**WORK INSTRUCTION**. Transcribe the records below word for word, leaving every picture out.

**INPUT RECORDS**.

((

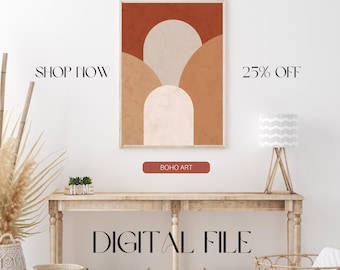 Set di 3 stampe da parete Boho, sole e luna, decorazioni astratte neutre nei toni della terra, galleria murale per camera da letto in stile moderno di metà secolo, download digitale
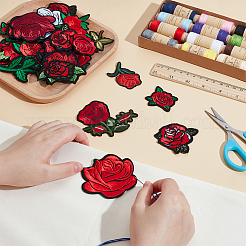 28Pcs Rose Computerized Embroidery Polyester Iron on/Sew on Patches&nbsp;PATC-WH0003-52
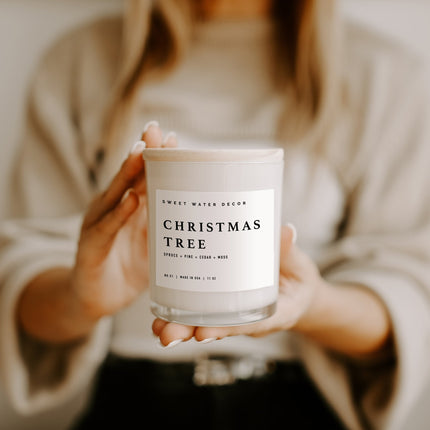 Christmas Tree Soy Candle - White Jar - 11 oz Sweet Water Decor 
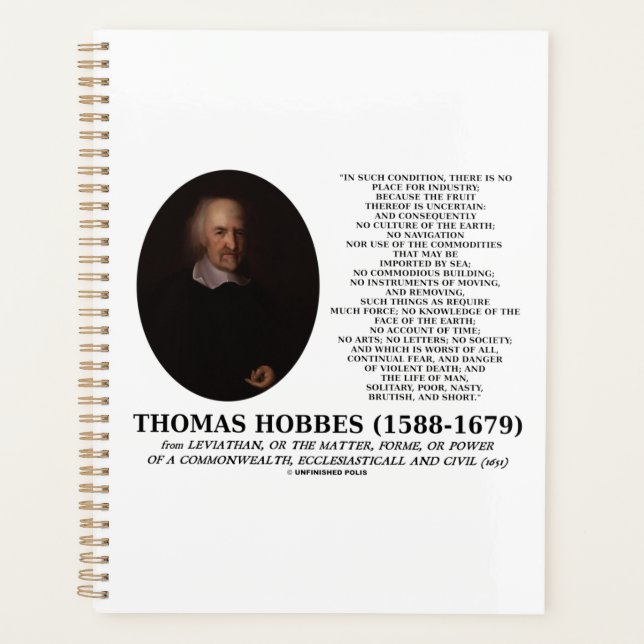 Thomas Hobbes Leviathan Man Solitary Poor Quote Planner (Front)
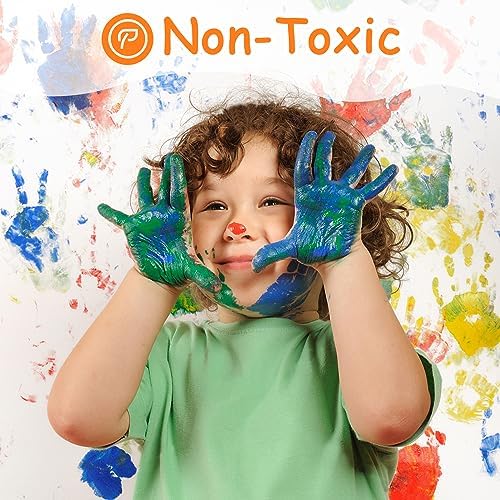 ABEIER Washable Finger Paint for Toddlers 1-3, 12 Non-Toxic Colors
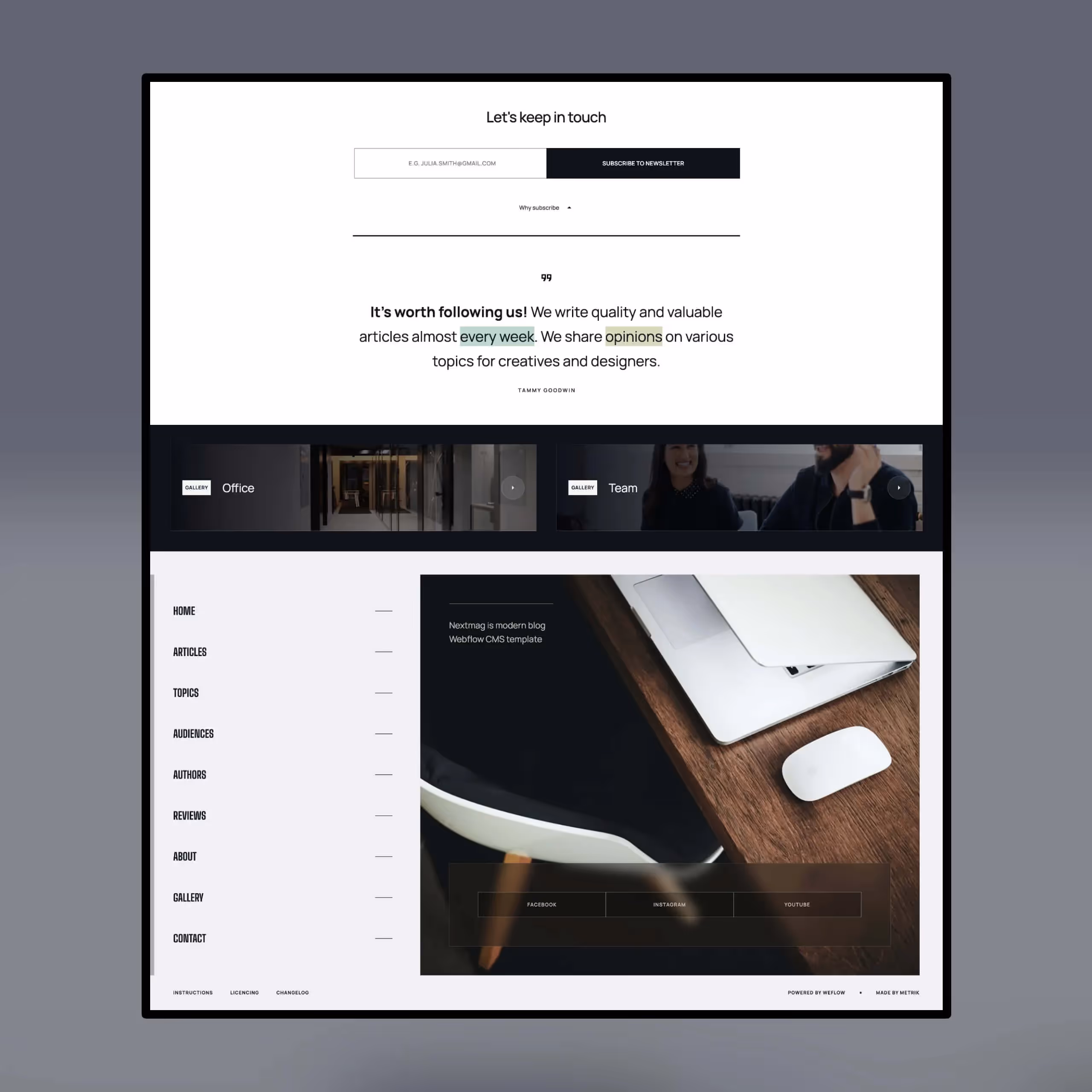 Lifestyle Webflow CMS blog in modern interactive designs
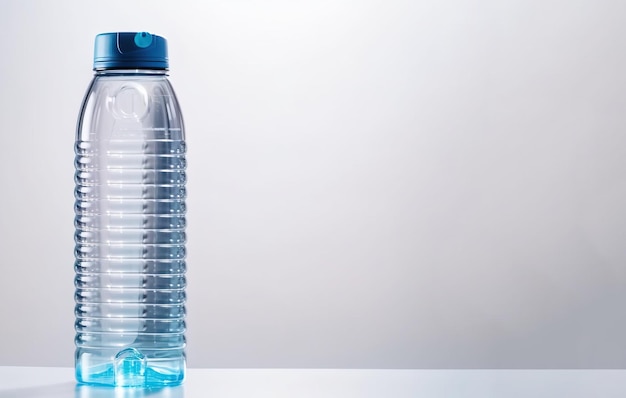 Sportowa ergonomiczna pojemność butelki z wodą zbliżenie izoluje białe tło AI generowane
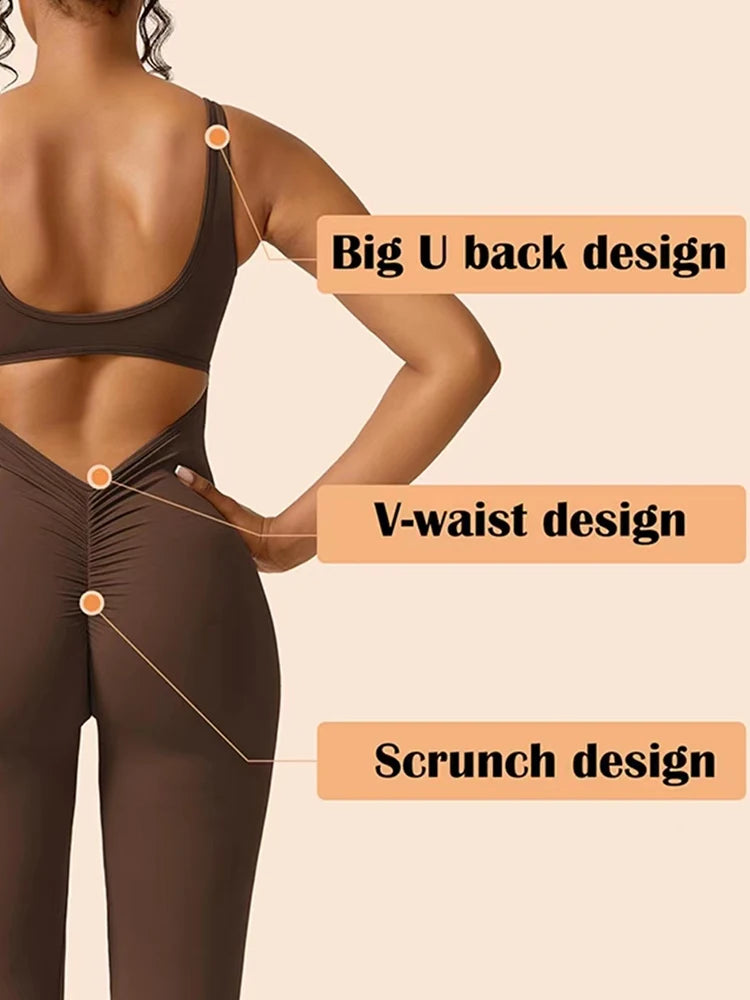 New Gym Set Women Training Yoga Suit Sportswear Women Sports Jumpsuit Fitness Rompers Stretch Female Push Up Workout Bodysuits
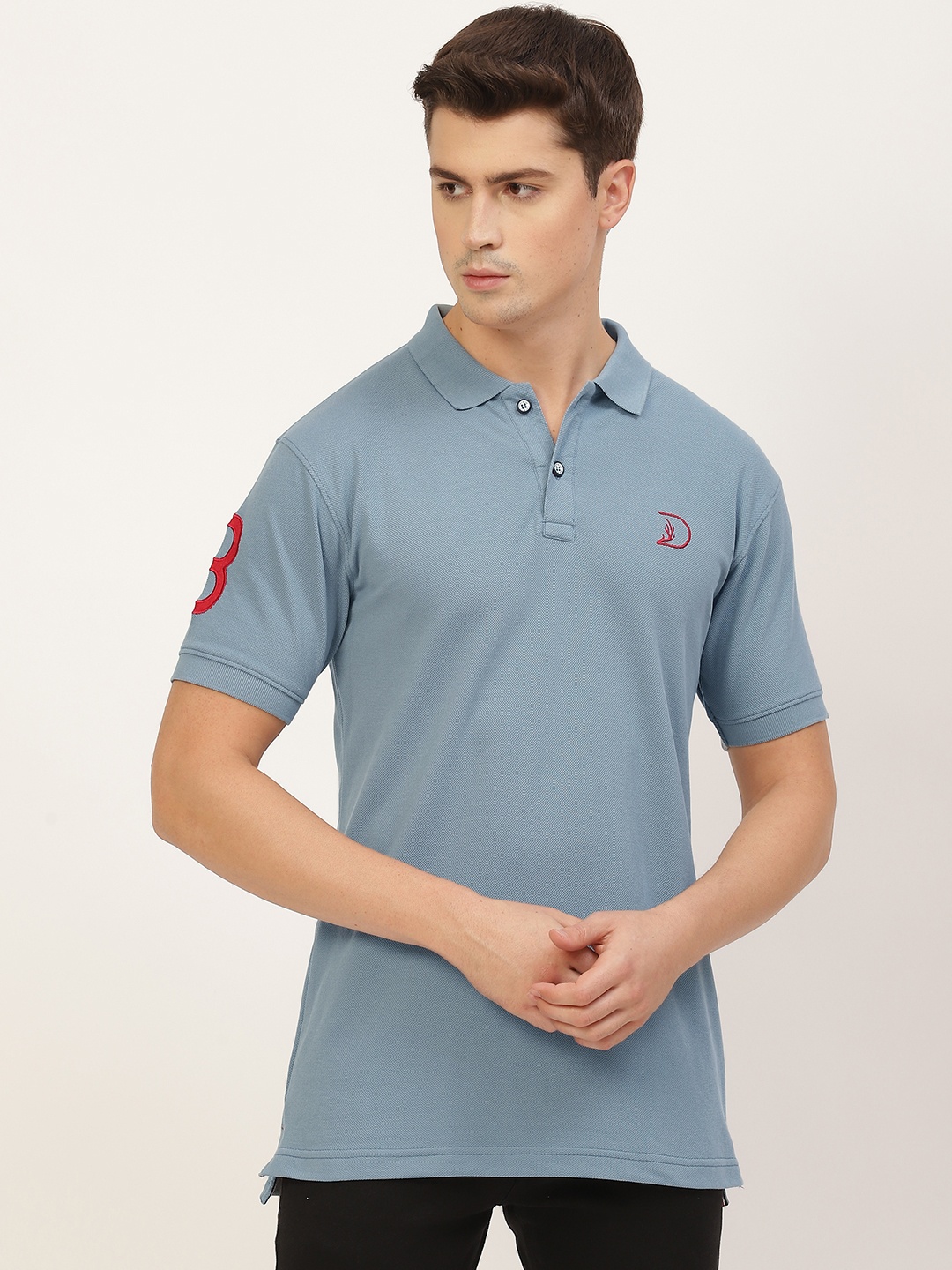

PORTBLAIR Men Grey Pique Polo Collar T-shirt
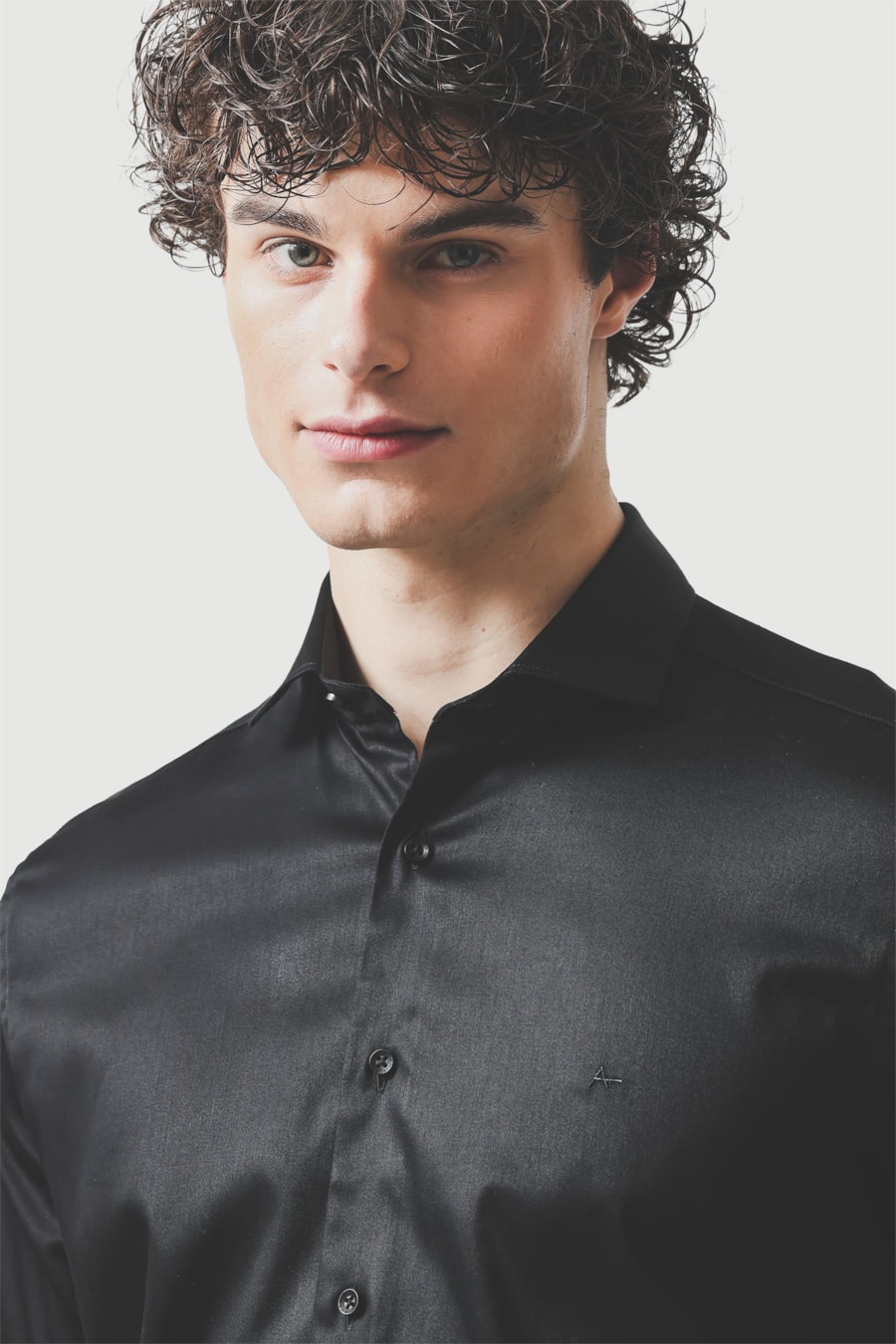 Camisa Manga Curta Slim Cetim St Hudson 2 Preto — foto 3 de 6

))

**SOLUTION BELOW**.
 Set di 3 stampe da parete Boho, sole e luna, decorazioni astratte neutre nei toni della terra, galleria murale per camera da letto in stile moderno di metà secolo, download digitale
 28Pcs Rose Computerized Embroidery Polyester Iron on/Sew on Patches&nbsp;PATC-WH0003-52
 Christmas Tree Soy Candle - White Jar - 11 oz Sweet Water Decor 
 Thomas Hobbes Leviathan Man Solitary Poor Quote Planner (Front)
 ABEIER Washable Finger Paint for Toddlers 1-3, 12 Non-Toxic Colors
 Lifestyle Webflow CMS blog in modern interactive designs
 Sportowa ergonomiczna pojemność butelki z wodą zbliżenie izoluje białe tło AI generowane
 New Gym Set Women Training Yoga Suit Sportswear Women Sports Jumpsuit Fitness Rompers Stretch Female Push Up Workout Bodysuits

PORTBLAIR Men Grey Pique Polo Collar T-shirt
 Camisa Manga Curta Slim Cetim St Hudson 2 Preto — foto 3 de 6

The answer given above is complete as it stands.